The Central Govt is seeking the constitutional amendment path for a two fold purpose- not only will it clear up the ambiguity in the constitutional provisions regarding appointment of judges and chalk out a specific route for their selection, it would also be a fortified option as opposed to a law regarding appointment of judges which may run the risk of getting struck down by the Apex Court.
The CJI headed collegium system has off late been under intense scrutiny and former members of the judiciary themselves have come out to openly criticise the system which was entirely evolved through landmark judgments handed out by the Apex Court through the 1990s. Though the move to inject reasonable executive interference in the judiciary was initiated by the UPA government, the BJP has unequivocally supported the said Judicial Appointments Committee Bill in order to bring about transparency of appointment. The JAC Bill 2013 proposes a six member panel comprising of two judges, the law minister and two eminent citizens which would be headed by the Chief Justice of India. The Bill further provides for selection of eminent citizens through yet another high-level committee comprising of the Prime Minister, the CJI as well as the Leader of Opposition in Lok Sabha.
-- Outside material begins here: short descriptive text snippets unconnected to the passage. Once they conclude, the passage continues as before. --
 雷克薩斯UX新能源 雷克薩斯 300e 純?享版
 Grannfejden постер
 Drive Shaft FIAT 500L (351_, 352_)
The government has also sought suggestions and opinions from political parties across the country inviting their comments and views over the appointments made in the higher judiciary and setting up of a judicial appointment commission to facilitate the same. Law Minister Mr. Ravi Shankar Prasad had earlier indicated that the Govt.wished to rework upon the UPA govt's constitutional amendment bill and thereby involve the executive in the appointment of judges. The Centre has indicated from time to time on how it was desirous of setting up a National Judicial Commission comprising of both the executive as well as judicial members, with weightage to the latter in order to not deprive the Commission from the component of judicial acumen and expertise needed to appoint meritorious individuals in the top constitutional posts of the country.